──────── RECORDS FOR THE TASK

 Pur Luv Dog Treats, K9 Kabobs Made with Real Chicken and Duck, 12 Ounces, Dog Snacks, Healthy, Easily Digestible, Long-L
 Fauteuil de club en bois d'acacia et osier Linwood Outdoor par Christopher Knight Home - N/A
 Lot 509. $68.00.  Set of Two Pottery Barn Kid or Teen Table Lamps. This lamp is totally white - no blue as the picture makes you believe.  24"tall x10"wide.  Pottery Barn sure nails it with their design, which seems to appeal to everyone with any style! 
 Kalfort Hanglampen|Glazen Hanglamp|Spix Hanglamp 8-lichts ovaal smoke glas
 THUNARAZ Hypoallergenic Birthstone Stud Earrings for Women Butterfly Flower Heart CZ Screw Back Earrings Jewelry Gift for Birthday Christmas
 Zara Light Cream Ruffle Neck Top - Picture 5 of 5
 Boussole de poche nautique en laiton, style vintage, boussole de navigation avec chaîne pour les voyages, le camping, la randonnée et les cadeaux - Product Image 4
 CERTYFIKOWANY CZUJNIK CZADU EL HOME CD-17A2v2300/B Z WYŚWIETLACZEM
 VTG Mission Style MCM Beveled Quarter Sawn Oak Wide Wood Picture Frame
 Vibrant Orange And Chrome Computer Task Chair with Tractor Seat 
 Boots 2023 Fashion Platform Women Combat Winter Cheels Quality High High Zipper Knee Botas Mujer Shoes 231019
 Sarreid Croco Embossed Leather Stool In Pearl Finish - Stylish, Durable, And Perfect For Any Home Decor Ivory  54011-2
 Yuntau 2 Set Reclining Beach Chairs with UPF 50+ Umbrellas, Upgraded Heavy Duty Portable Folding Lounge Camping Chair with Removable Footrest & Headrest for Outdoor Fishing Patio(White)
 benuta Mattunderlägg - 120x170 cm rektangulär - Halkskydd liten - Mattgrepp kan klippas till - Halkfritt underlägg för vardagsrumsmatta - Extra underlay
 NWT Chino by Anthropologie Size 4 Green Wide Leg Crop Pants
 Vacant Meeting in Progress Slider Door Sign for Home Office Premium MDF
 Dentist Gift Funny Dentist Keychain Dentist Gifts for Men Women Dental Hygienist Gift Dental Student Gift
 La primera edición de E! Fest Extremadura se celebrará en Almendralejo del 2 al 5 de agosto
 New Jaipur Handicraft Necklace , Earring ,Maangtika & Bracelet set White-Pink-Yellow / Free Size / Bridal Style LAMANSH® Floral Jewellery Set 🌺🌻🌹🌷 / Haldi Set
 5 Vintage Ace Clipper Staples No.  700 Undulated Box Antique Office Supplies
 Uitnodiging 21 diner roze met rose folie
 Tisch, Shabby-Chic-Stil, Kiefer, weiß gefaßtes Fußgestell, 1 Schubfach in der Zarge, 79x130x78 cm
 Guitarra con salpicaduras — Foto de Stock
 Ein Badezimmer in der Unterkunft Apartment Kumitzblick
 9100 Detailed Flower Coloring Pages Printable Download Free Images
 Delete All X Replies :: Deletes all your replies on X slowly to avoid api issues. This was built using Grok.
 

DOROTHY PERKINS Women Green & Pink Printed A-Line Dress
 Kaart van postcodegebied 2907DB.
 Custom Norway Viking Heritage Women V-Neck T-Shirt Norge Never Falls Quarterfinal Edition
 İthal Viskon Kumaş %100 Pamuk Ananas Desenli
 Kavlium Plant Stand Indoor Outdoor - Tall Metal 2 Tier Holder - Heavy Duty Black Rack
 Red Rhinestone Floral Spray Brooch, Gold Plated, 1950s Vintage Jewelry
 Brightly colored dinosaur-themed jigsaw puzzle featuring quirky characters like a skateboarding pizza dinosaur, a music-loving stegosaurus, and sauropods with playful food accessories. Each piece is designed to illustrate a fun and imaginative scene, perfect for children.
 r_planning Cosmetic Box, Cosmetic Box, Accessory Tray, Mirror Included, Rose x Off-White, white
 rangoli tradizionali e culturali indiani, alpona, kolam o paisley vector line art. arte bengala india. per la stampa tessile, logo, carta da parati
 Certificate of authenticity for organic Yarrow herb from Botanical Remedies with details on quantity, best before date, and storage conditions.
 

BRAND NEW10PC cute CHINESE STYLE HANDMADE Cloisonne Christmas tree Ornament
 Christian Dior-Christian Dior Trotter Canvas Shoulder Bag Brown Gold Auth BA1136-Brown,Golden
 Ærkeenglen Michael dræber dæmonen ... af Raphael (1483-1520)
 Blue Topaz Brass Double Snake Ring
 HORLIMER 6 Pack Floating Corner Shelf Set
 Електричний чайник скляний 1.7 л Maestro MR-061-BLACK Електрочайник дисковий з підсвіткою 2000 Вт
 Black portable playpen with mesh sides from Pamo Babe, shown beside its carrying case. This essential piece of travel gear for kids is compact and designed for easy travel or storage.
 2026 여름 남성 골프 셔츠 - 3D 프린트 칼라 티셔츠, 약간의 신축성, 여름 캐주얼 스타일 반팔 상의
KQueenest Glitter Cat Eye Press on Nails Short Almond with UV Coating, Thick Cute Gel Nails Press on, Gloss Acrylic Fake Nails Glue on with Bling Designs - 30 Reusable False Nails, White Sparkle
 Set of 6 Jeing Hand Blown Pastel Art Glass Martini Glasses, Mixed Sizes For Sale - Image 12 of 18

────────────────

§ TASK BRIEF: Print all the data exactly.

§ PROBLEM SOLUTION:
 Pur Luv Dog Treats, K9 Kabobs Made with Real Chicken and Duck, 12 Ounces, Dog Snacks, Healthy, Easily Digestible, Long-L
 Fauteuil de club en bois d'acacia et osier Linwood Outdoor par Christopher Knight Home - N/A
 Lot 509. $68.00.  Set of Two Pottery Barn Kid or Teen Table Lamps. This lamp is totally white - no blue as the picture makes you believe.  24"tall x10"wide.  Pottery Barn sure nails it with their design, which seems to appeal to everyone with any style! 
 Kalfort Hanglampen|Glazen Hanglamp|Spix Hanglamp 8-lichts ovaal smoke glas
 THUNARAZ Hypoallergenic Birthstone Stud Earrings for Women Butterfly Flower Heart CZ Screw Back Earrings Jewelry Gift for Birthday Christmas
 Zara Light Cream Ruffle Neck Top - Picture 5 of 5
 Boussole de poche nautique en laiton, style vintage, boussole de navigation avec chaîne pour les voyages, le camping, la randonnée et les cadeaux - Product Image 4
 CERTYFIKOWANY CZUJNIK CZADU EL HOME CD-17A2v2300/B Z WYŚWIETLACZEM
 VTG Mission Style MCM Beveled Quarter Sawn Oak Wide Wood Picture Frame
 Vibrant Orange And Chrome Computer Task Chair with Tractor Seat 
 Boots 2023 Fashion Platform Women Combat Winter Cheels Quality High High Zipper Knee Botas Mujer Shoes 231019
 Sarreid Croco Embossed Leather Stool In Pearl Finish - Stylish, Durable, And Perfect For Any Home Decor Ivory  54011-2
 Yuntau 2 Set Reclining Beach Chairs with UPF 50+ Umbrellas, Upgraded Heavy Duty Portable Folding Lounge Camping Chair with Removable Footrest & Headrest for Outdoor Fishing Patio(White)
 benuta Mattunderlägg - 120x170 cm rektangulär - Halkskydd liten - Mattgrepp kan klippas till - Halkfritt underlägg för vardagsrumsmatta - Extra underlay
 NWT Chino by Anthropologie Size 4 Green Wide Leg Crop Pants
 Vacant Meeting in Progress Slider Door Sign for Home Office Premium MDF
 Dentist Gift Funny Dentist Keychain Dentist Gifts for Men Women Dental Hygienist Gift Dental Student Gift
 La primera edición de E! Fest Extremadura se celebrará en Almendralejo del 2 al 5 de agosto
 New Jaipur Handicraft Necklace , Earring ,Maangtika & Bracelet set White-Pink-Yellow / Free Size / Bridal Style LAMANSH® Floral Jewellery Set 🌺🌻🌹🌷 / Haldi Set
 5 Vintage Ace Clipper Staples No.  700 Undulated Box Antique Office Supplies
 Uitnodiging 21 diner roze met rose folie
 Tisch, Shabby-Chic-Stil, Kiefer, weiß gefaßtes Fußgestell, 1 Schubfach in der Zarge, 79x130x78 cm
 Guitarra con salpicaduras — Foto de Stock
 Ein Badezimmer in der Unterkunft Apartment Kumitzblick
 9100 Detailed Flower Coloring Pages Printable Download Free Images
 Delete All X Replies :: Deletes all your replies on X slowly to avoid api issues. This was built using Grok.
 

DOROTHY PERKINS Women Green & Pink Printed A-Line Dress
 Kaart van postcodegebied 2907DB.
 Custom Norway Viking Heritage Women V-Neck T-Shirt Norge Never Falls Quarterfinal Edition
 İthal Viskon Kumaş %100 Pamuk Ananas Desenli
 Kavlium Plant Stand Indoor Outdoor - Tall Metal 2 Tier Holder - Heavy Duty Black Rack
 Red Rhinestone Floral Spray Brooch, Gold Plated, 1950s Vintage Jewelry
 Brightly colored dinosaur-themed jigsaw puzzle featuring quirky characters like a skateboarding pizza dinosaur, a music-loving stegosaurus, and sauropods with playful food accessories. Each piece is designed to illustrate a fun and imaginative scene, perfect for children.
 r_planning Cosmetic Box, Cosmetic Box, Accessory Tray, Mirror Included, Rose x Off-White, white
 rangoli tradizionali e culturali indiani, alpona, kolam o paisley vector line art. arte bengala india. per la stampa tessile, logo, carta da parati
 Certificate of authenticity for organic Yarrow herb from Botanical Remedies with details on quantity, best before date, and storage conditions.
 

BRAND NEW10PC cute CHINESE STYLE HANDMADE Cloisonne Christmas tree Ornament
 Christian Dior-Christian Dior Trotter Canvas Shoulder Bag Brown Gold Auth BA1136-Brown,Golden
 Ærkeenglen Michael dræber dæmonen ... af Raphael (1483-1520)
 Blue Topaz Brass Double Snake Ring
 HORLIMER 6 Pack Floating Corner Shelf Set
 Електричний чайник скляний 1.7 л Maestro MR-061-BLACK Електрочайник дисковий з підсвіткою 2000 Вт
 Black portable playpen with mesh sides from Pamo Babe, shown beside its carrying case. This essential piece of travel gear for kids is compact and designed for easy travel or storage.
 2026 여름 남성 골프 셔츠 - 3D 프린트 칼라 티셔츠, 약간의 신축성, 여름 캐주얼 스타일 반팔 상의
KQueenest Glitter Cat Eye Press on Nails Short Almond with UV Coating, Thick Cute Gel Nails Press on, Gloss Acrylic Fake Nails Glue on with Bling Designs - 30 Reusable False Nails, White Sparkle
 Set of 6 Jeing Hand Blown Pastel Art Glass Martini Glasses, Mixed Sizes For Sale - Image 12 of 18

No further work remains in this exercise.